Meditando questi riflessi, non solo non mi fu grave, che addossata mi fosse, come a tutti gli altri parroci, l’ispezione di questa scuola; ma mi affrettai ad aprirla, quantunque mi trovassi sprovveduto di un conveniente locale, e quello, ch’era assai peggio, di un maestro, che la reggesse. Fu d’uopo, imprendessi io stesso ad insegnare ai fanciulli, e volentieri me ne occupai coll’ajuto de’ vice parroci, finché lo zelo vigilantissimo del nostro comun Padre, e Pastore Monsignor Arcivescovo di Sassari fissò i suoi sguardi sulla vostra degna persona, o mio collega amatissimo, e v’indusse a darmi sollievo col destinarvi ad institutore dei nostri cari fanciulli, che vi benediranno a suo tempo, e de’ quali forse, per mercé vostra, alcuni daranno più di lustro a un paese, ove nacque un Carboni[1].
Non vi rincresca pertanto d’aver perduto il vantaggio di qualche vostro interesse, ma tutto caldo di zelo e d’amor di patria consacratevi di buon grado a servirla senza che troppo vili considerazioni tolgano il pregio al vostro sacrifizio. Copiosa è quella mercede che Iddio va preparandovi, egli, che considera per se impiegate le cure, che vi darete per tutti questi fanciulli, e per ciascuno di essi in particolare: Quod uni ex minimis meis fecistis, mihi fecistis.
Ora desiderando ancor io di partecipare in qualche maniera alla ricompensa abbondante, che dovete sicuramente aspettare da chi non lascia senza mercede, neanche un bicchier d’acqua data in nome di un suo discepolo, risolvetti di contribuire ad agevolarvi il buon esercizio del vostro impiego: e letto avendo alcuni libri mandatimi da un degnissimo Ecclesiastico[2], institutore in un tempo de’ seminaristi della Diocesi, e uomo, che arde dal desiderio di procurar tutti i lumi e tutti i vantaggi possibili ai suoi connazionali, impiegai i ritagli del tempo, che fortunatamente lasciommi il mio pastorale Ministero per darvi un breve compendio delle massime più adattate a voi, al luogo, ed alle persone, che dovete instruire, onde formarvi qual vi desidero, e spero che diverrete un maestro veramente degno del gradimento del Governo, della riconoscenza del Pubblico, e della benedizione di Dio.

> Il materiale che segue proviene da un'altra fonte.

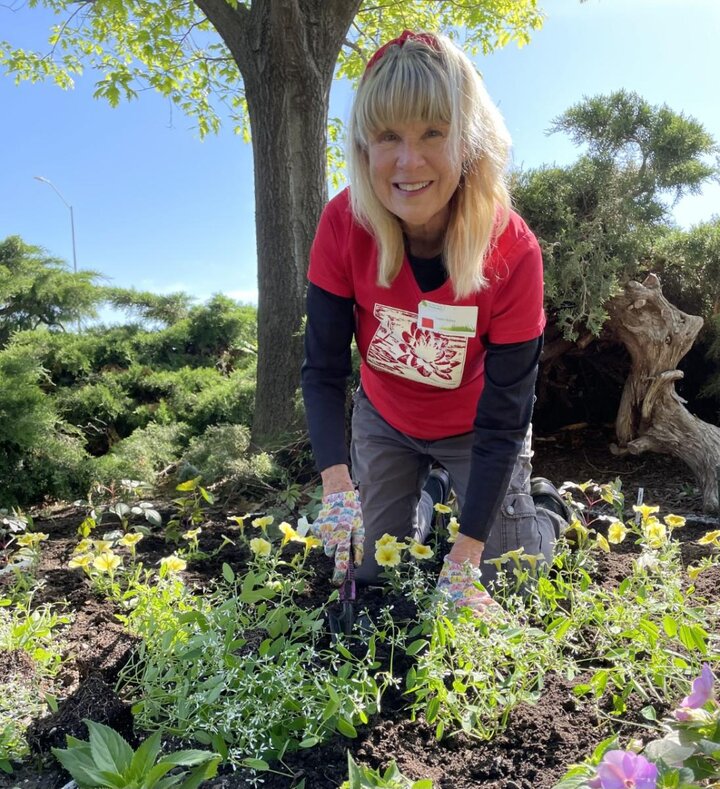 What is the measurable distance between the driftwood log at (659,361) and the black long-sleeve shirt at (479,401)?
1.73 m

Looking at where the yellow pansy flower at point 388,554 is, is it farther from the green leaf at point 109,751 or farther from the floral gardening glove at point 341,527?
the green leaf at point 109,751

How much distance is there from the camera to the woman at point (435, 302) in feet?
5.64

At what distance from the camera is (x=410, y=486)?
2535 millimetres

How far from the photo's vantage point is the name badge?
1995 millimetres

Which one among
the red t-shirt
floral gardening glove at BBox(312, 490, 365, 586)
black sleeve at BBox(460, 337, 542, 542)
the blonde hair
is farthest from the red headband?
floral gardening glove at BBox(312, 490, 365, 586)

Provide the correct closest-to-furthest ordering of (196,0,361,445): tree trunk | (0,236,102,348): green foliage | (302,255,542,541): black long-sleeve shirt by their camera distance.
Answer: (302,255,542,541): black long-sleeve shirt < (196,0,361,445): tree trunk < (0,236,102,348): green foliage

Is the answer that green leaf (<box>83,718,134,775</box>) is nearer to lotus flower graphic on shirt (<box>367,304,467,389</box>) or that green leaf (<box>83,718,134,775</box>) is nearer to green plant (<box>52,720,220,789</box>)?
green plant (<box>52,720,220,789</box>)

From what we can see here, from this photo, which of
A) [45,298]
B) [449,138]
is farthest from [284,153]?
[45,298]

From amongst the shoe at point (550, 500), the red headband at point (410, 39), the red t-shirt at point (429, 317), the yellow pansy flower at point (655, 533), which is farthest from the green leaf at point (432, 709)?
the red headband at point (410, 39)

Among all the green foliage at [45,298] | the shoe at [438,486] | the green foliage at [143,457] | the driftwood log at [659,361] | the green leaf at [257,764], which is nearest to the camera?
the green leaf at [257,764]

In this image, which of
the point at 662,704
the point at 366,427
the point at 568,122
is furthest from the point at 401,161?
the point at 568,122

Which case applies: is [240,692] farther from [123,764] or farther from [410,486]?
[410,486]

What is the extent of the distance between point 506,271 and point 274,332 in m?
2.48

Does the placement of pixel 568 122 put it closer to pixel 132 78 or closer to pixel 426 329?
pixel 426 329
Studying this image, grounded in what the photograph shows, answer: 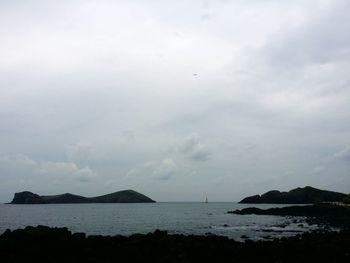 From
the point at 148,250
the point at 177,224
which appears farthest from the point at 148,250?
the point at 177,224

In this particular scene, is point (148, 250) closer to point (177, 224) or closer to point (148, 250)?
point (148, 250)

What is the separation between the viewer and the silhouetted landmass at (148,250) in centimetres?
2766

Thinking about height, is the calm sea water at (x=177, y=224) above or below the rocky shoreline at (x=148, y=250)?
above

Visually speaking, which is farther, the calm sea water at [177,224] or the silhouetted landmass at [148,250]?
the calm sea water at [177,224]

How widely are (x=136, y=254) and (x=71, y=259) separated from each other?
4.41 m

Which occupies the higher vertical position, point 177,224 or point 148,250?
point 177,224

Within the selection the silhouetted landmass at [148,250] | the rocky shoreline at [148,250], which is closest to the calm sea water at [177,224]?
the rocky shoreline at [148,250]

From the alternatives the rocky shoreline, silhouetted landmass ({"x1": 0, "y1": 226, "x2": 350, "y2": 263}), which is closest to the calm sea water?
the rocky shoreline

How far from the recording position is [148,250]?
1208 inches

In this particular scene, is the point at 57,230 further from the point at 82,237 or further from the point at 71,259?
the point at 71,259

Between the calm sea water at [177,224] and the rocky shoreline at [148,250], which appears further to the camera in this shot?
the calm sea water at [177,224]

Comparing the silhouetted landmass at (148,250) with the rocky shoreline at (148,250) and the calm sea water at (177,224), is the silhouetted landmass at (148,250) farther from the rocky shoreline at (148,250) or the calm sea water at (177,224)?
Result: the calm sea water at (177,224)

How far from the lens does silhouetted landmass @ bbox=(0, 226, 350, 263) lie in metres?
27.7

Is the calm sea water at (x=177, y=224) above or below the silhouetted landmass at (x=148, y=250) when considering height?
above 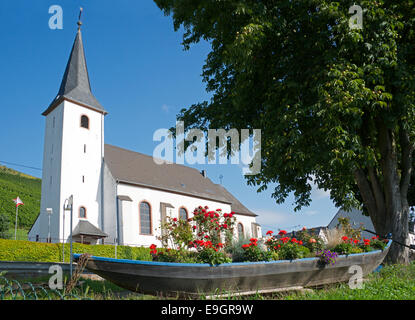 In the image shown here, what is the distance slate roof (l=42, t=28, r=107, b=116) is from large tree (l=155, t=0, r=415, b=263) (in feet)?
71.1

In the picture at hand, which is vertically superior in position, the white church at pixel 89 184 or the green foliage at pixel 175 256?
the white church at pixel 89 184

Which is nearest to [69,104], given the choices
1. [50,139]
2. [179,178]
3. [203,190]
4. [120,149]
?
[50,139]

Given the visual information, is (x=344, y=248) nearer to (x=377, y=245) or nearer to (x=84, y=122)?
(x=377, y=245)

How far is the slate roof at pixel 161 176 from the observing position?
32500mm

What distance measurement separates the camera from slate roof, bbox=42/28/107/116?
31.2m

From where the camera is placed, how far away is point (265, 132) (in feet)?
35.1

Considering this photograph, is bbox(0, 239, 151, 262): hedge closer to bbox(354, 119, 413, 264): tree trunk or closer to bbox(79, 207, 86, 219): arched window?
bbox(79, 207, 86, 219): arched window

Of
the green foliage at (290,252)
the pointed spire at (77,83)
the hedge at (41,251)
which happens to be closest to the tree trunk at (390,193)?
the green foliage at (290,252)

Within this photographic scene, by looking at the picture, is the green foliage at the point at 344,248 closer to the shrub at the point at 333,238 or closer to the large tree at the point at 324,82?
the shrub at the point at 333,238

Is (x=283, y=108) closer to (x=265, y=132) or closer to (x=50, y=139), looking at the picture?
(x=265, y=132)

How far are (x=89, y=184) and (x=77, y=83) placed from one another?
31.5 ft

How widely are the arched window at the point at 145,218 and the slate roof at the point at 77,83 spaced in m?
9.62
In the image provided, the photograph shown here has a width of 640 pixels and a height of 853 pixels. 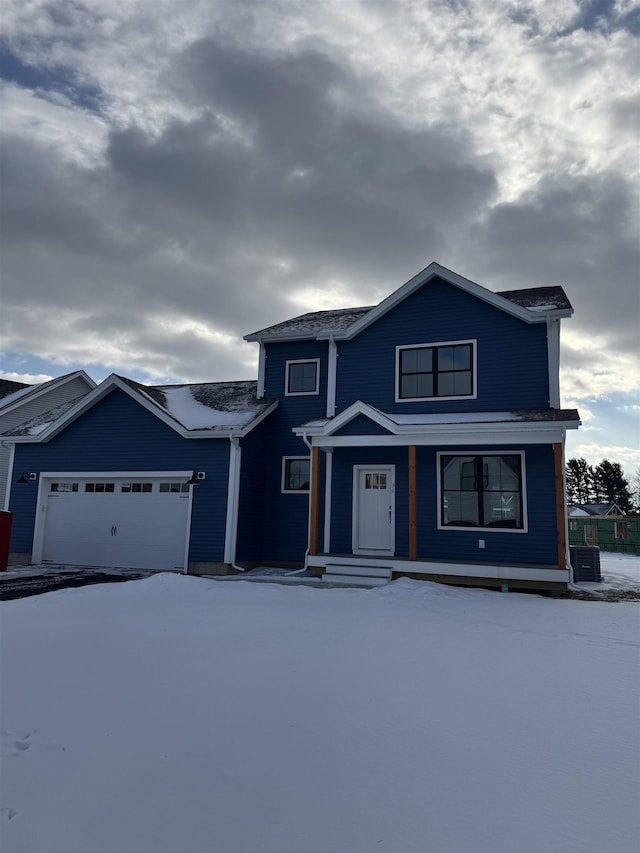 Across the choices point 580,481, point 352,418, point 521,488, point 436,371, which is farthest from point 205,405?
point 580,481

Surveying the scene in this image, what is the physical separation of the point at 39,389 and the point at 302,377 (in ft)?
49.1

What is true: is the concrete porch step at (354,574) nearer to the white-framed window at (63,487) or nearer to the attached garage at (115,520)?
the attached garage at (115,520)

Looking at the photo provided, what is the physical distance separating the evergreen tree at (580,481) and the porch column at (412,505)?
235ft

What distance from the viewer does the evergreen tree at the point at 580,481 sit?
243 feet


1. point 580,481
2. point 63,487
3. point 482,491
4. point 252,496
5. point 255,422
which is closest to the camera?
point 482,491

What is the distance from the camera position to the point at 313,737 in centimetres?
366

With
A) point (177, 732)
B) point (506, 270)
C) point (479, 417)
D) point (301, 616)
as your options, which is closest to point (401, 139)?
point (506, 270)

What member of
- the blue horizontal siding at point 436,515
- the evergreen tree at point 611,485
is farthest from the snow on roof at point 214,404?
the evergreen tree at point 611,485

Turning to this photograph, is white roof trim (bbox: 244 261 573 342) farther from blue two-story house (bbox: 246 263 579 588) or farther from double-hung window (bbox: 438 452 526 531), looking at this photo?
double-hung window (bbox: 438 452 526 531)

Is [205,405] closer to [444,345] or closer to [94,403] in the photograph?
[94,403]

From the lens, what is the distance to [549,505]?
1141 centimetres

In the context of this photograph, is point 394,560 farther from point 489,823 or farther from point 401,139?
point 401,139

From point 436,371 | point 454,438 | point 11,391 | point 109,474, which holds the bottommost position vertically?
point 109,474

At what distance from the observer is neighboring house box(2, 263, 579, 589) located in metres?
11.5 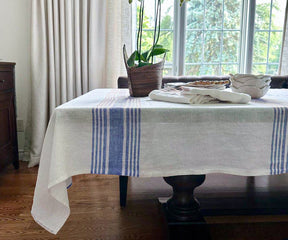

A giudizio di sommi uomini, l’uffizio, che intraprendete non è quello che il volgo crede, facile e di poca importanza. Se un buon pittore, ed un perito statuario vengono con ragione apprezzati perché sono rari gli ottimi artefici, più alta idea ancora bisogna farsi di un buon maestro di scuola, dice San Gio. Crisostomo: Quid majus quam adolescentulorum fingere mores? Omni certe pictore, omini certe statuario, ceterisque hujusmodi omnibus excellentiorem hunc puto, qui juvenum animos fingere non ignoret.
Un maestro che abbia a cuore d’adempiere al suo dovere in tutta la sua estensione, ed operi secondo gli impulsi della propria coscienza nell’instruire i fanciulli, sarà il riformatore dei costumi di tutto un Pubblico, il benemerito della Chiesa, e dello Stato, anzi l’Angelo tutelare, che addita il dritto sentiero per non sbagliare dal principio la via del Paradiso.